───── Data to examine
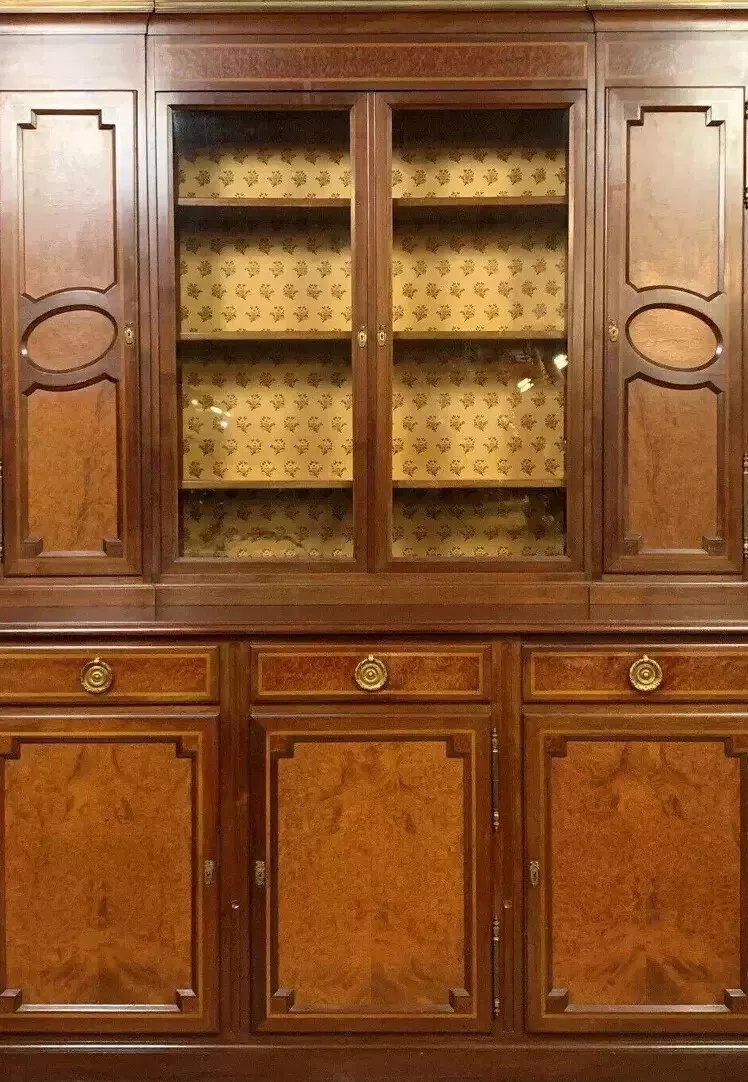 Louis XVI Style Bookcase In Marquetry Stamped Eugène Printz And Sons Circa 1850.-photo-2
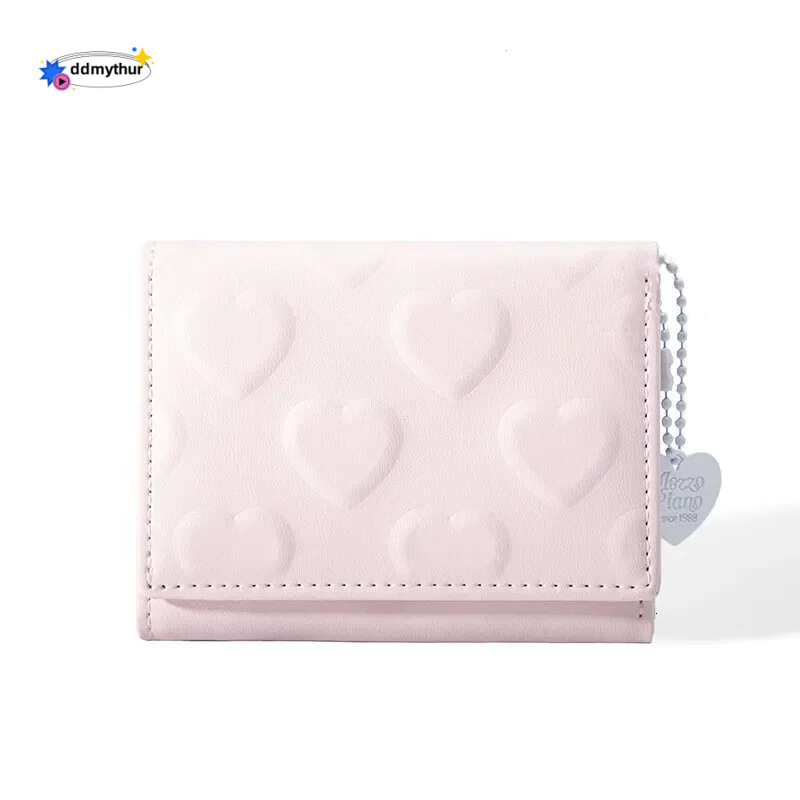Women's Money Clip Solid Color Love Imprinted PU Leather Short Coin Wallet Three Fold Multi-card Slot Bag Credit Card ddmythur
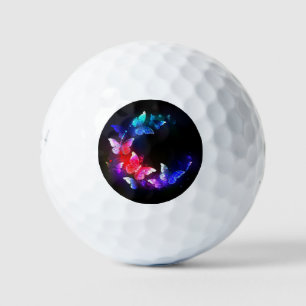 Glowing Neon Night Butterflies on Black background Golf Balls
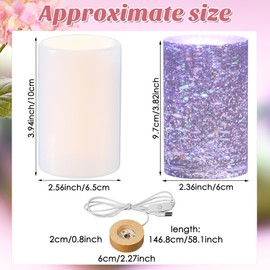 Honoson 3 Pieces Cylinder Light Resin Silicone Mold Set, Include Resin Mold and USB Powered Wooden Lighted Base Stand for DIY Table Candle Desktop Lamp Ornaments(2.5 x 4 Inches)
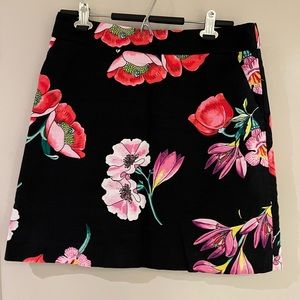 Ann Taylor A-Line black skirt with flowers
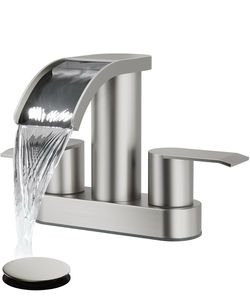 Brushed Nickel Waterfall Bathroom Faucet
──────────
Goal of the exercise = The copy should hold every entry above word for word and none of the pictures.

Solution to this exercise =
 Louis XVI Style Bookcase In Marquetry Stamped Eugène Printz And Sons Circa 1850.-photo-2
Women's Money Clip Solid Color Love Imprinted PU Leather Short Coin Wallet Three Fold Multi-card Slot Bag Credit Card ddmythur
 Glowing Neon Night Butterflies on Black background Golf Balls
 Honoson 3 Pieces Cylinder Light Resin Silicone Mold Set, Include Resin Mold and USB Powered Wooden Lighted Base Stand for DIY Table Candle Desktop Lamp Ornaments(2.5 x 4 Inches)
 Ann Taylor A-Line black skirt with flowers
 Brushed Nickel Waterfall Bathroom Faucet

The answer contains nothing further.